For agents performing knowledge-intensive tasks, this substitution effect — fewer search calls, less inference processing — can materially reduce total API cost while improving output reliability.
Practical Framework: Choosing API Categories
When designing an agent's API stack, apply this decision sequence:
-
Define the task type. Is the agent primarily reasoning, retrieving, analysing, or executing? This determines which category is load-bearing.
-
Identify freshness requirements. Tasks requiring current information mandate search APIs. Tasks requiring validated, structured knowledge favour research APIs. Tasks using only stable knowledge may rely on model weights alone.
-
Estimate call volume per task. Multiply expected calls per category by per-call cost. Identify which category dominates before committing to an architecture.
-
Evaluate substitution opportunities. Can a research API replace multiple search calls? Can a smaller inference model handle sub-tasks? Can compute be batched to reduce per-unit cost?
-
Build in cost monitoring. API spend in agentic systems is non-linear — a single runaway loop can generate costs orders of magnitude above baseline. Per-category spend limits and circuit breakers are operational necessities, not optional features.
-
Reassess at scale. Cost structures that are acceptable at low volume often become unsustainable at production scale. Volume pricing tiers, reserved capacity, and provider negotiation become relevant above certain thresholds.
Future Trends and Market Evolution
Inference cost compression: Model serving costs have declined substantially as hardware efficiency improves and competition among providers increases. This trend is likely to continue, shifting the relative weight of inference in total API spend downward over time. Search and research APIs may become proportionally more significant as inference becomes cheaper.
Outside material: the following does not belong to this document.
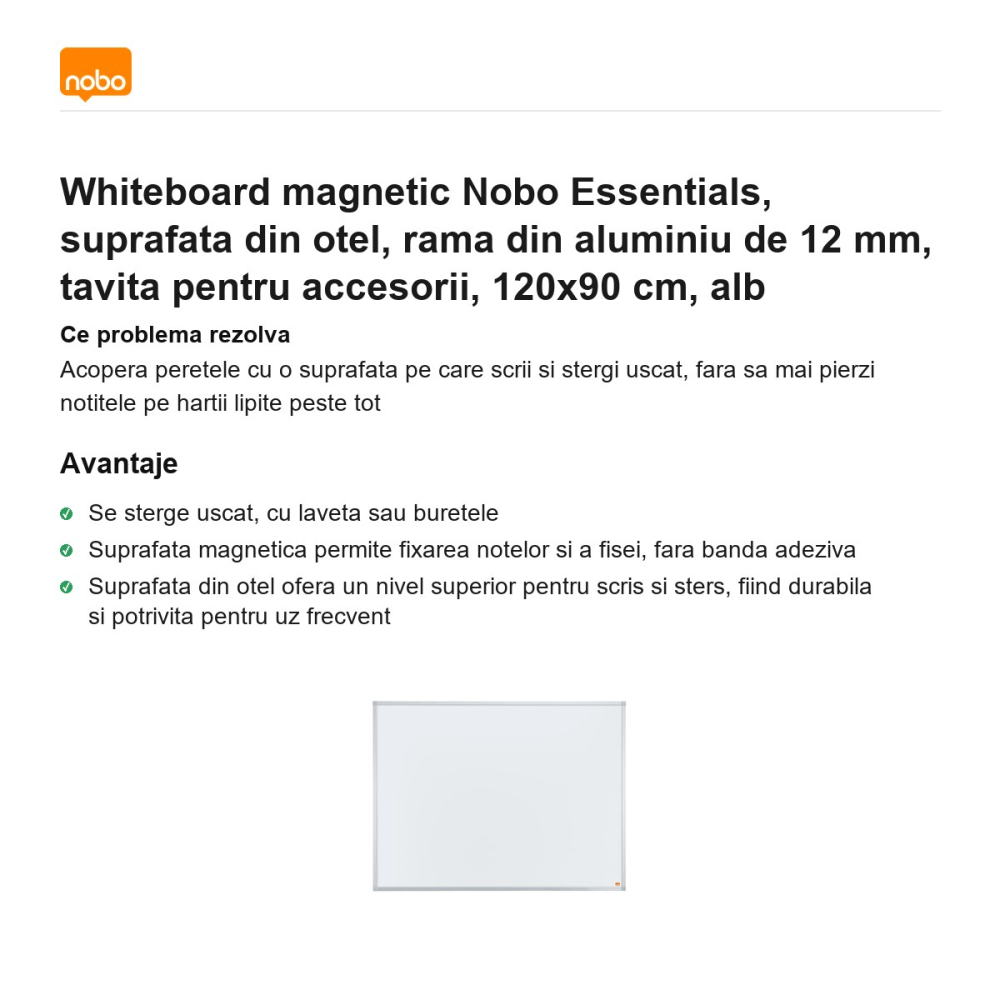 Whiteboard magnetic Nobo Essentials, suprafata din otel, rama din aluminiu de 12 mm, tavita pentru accesorii, 120x90 cm, alb [2]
Specialised agent APIs: Providers are beginning to offer APIs designed explicitly for agent consumption — with features like stateful sessions, tool-use schemas, and structured output guarantees. These reduce the integration overhead agents currently absorb.
Vertical research APIs: Domain-specific research APIs (legal, biomedical, financial, scientific) are expanding. Agents operating in regulated or knowledge-intensive domains will increasingly rely on these rather than general web search, for both quality and compliance reasons.
Compute-inference convergence: The boundary between inference and compute is blurring as model providers offer code execution, data processing, and tool-use within inference endpoints. This may simplify agent architectures but will require new cost accounting frameworks.
Agent-to-agent API markets: As multi-agent systems mature, agents will increasingly consume APIs provided by other agents — capability markets where specialised agents sell services to orchestrators. This creates a new pricing layer on top of the existing four categories.
Summary
| Category | Primary billing unit | Dominant agent type | Key cost lever |
|---|---|---|---|
| Inference | Tokens | All agents | Call frequency, model size |
| Search | Queries | Data-dependent agents | Query targeting, polling frequency |
| Research | Queries / subscription | Analysis agents | Coverage vs. depth trade-off |
| Compute | CPU/memory/time | Automation agents | Batching, serverless vs. reserved |
Inference is the universal baseline. Search and research APIs are the primary differentiators for knowledge-intensive agents. Compute costs are the most frequently underestimated category. Effective agent economics require explicit modelling of all four categories — and active architectural choices to manage each.